Your answer should hold exactly the lines below from the line with "зарядкой за $26" through the line with "A0009050210 MERCEDES ML", both included, and no pictures at all.

* **Source material**
---------------

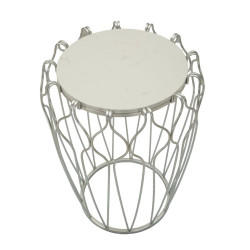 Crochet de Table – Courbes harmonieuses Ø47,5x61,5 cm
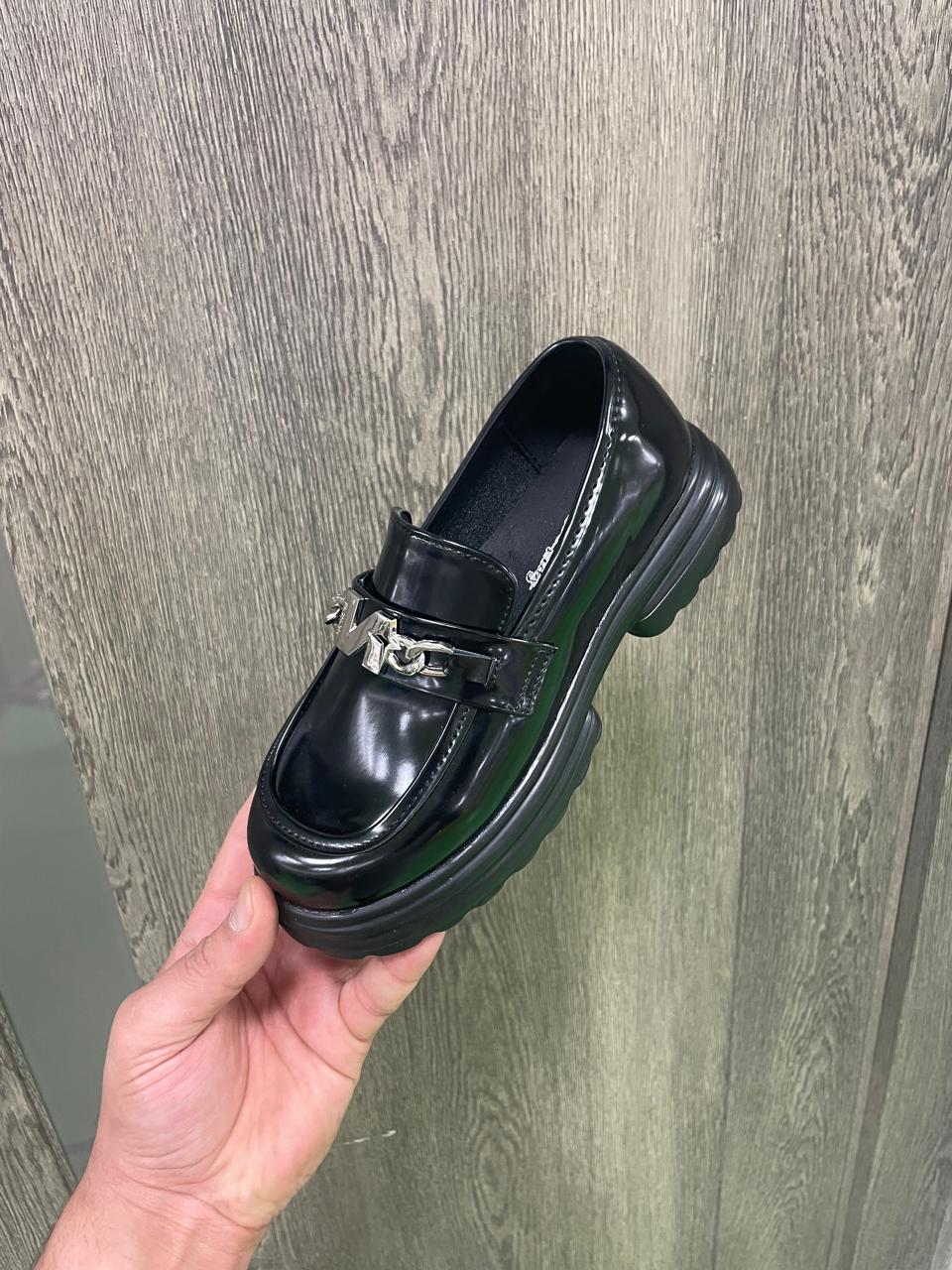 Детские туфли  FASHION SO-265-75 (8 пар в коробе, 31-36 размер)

---------------

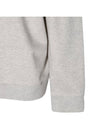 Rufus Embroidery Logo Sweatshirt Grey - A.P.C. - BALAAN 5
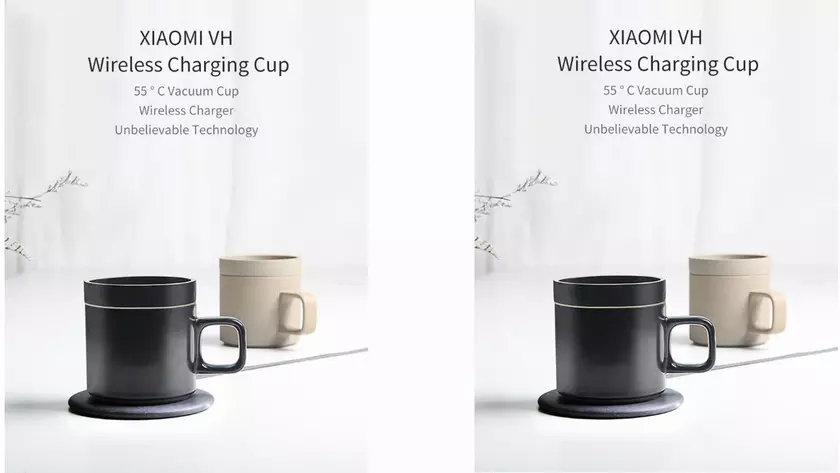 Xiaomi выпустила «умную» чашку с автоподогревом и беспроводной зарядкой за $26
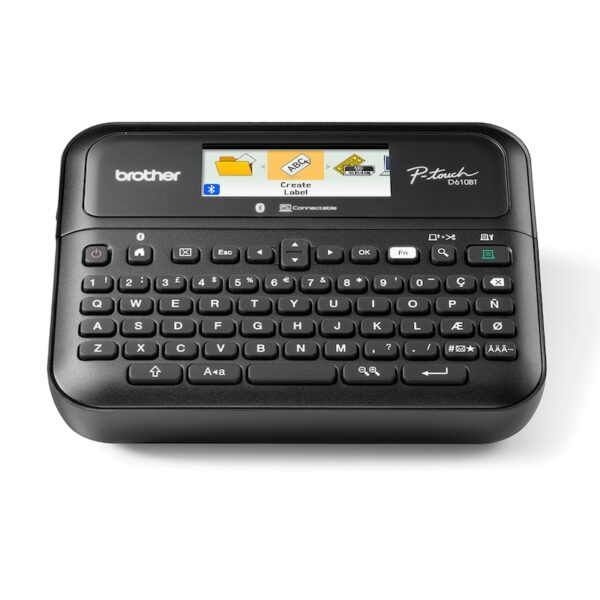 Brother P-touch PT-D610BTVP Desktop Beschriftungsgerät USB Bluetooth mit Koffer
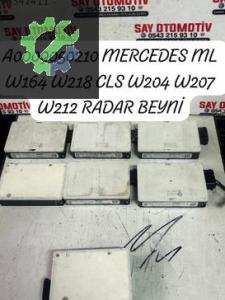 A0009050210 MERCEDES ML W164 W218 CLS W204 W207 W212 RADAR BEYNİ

---------------

* **Written response**
 Xiaomi выпустила «умную» чашку с автоподогревом и беспроводной зарядкой за $26
 Brother P-touch PT-D610BTVP Desktop Beschriftungsgerät USB Bluetooth mit Koffer
 A0009050210 MERCEDES ML W164 W218 CLS W204 W207 W212 RADAR BEYNİ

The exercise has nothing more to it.